Re: Kulor's Guide to Mode 7 Perspective Planes

Post by none »

rainwarrior wrote: Sun Aug 14, 2022 8:58 pm That's 1x, 2x and 4x side by side. 1x is 130% CPU load per scanline, 2x is 90%, 4x is 70%.
I've taken a look at your code and it's funny you ran into the some of the same issues I had too.

I also need to bit shift a lot wit h the reciprocal table which makes the thing kind of pointless, because per component division (doing the division in hw 4 times) is actually faster because it doesn't require all the bit shifting. The only thing I can imagine that gives a really big performance boost there is a multiplication LUT that has the bit shifting pre baked.

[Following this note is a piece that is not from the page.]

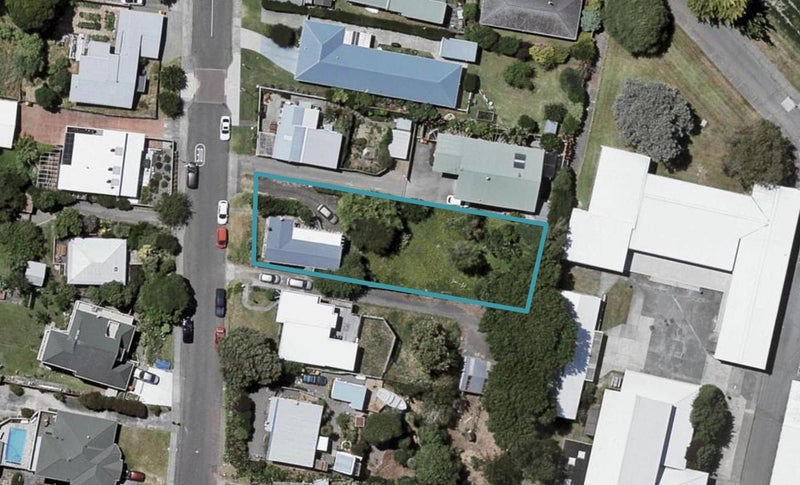 31 Margaret Road, Raumati Beach, Paraparaumu - Carousel 1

It would also do away with the sign correction issue. But that would require a lot of ROM of course.

You can avoid the bit shifts for the A and C multiplies though. precision is good enough with A and C prescaled to the correct range. but with B and D it's not easy. I'd try saving 1 or two per component by choosing radix for cos(a)/sin(a) differently for example (-128..127 instead of -256..256 should be decent enough and would also save half of your sine table size).

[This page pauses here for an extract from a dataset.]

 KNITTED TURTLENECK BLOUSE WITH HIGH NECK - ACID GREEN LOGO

Apart from that, there's a number of small things you can do to improve performance.

you can move the sign checks out of your inner loop. basically what i said in my last post, but with your implementation, it is easier (you do not need to split the screen into regions for that because your numerators do not change). you can make your inner loop a macro and make a few different implementations for each combination of signs in your scale 0..3 values, then choose one via jump table.

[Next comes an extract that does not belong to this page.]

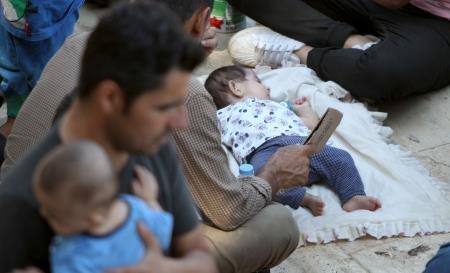 Batma tehlikesi geçiren yattaki 113 Suriyeli kurtarıldı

if you do not want to do that for some reason (because of code size perhaps), you can still move your "lsr z:temp+4" line to the place where you have the no ops now

Code: Select all

	lsr z:temp+4
        bcs :+
        lda f:$004216
        lsr lsr lsr lsr
        bra :++
        :
        lda f:$004216
        lsr lsr lsr lsr
        eor #$ffff
        ina
        :        


also maybe

Code: Select all

	lda temp + 4
        and #1
is faster than reloading temp + 4 after each iteration but I didn't count cycles.

another thing is, and I don't remember the exact reason (maybe a LoROM vs HiROM issue?), but I don't think using far addressing is actually necessary and if you could use absolute adressing, or even move the zero page to somewhere where it can see the hardware registers, that could also save a few cycles.

if you made pv_zr a 24 bit variable and using 24+16 bit addition with carry (bcs + ina) for the interpolation, the bit shifts could be prebaked into pv_zr, maybe saving a few cycles over 4 times lsr. or, a small saving can be gained by not reloading pv_zr for doing the interpolation. just do sbc pv_zr_inc once just before the loop, then you can do the adc + sta first, and then transfer to x.

another tiny saving, if you build the entire table in reverse (start with the last scanline and work towards the first) you can use y for the loop condition and don't need the additional line counter in temp + 2.

there's one other final thing I've thought of that can maybe work. It might sound ridiculous, but I've actually tried it out and it looks quite promising.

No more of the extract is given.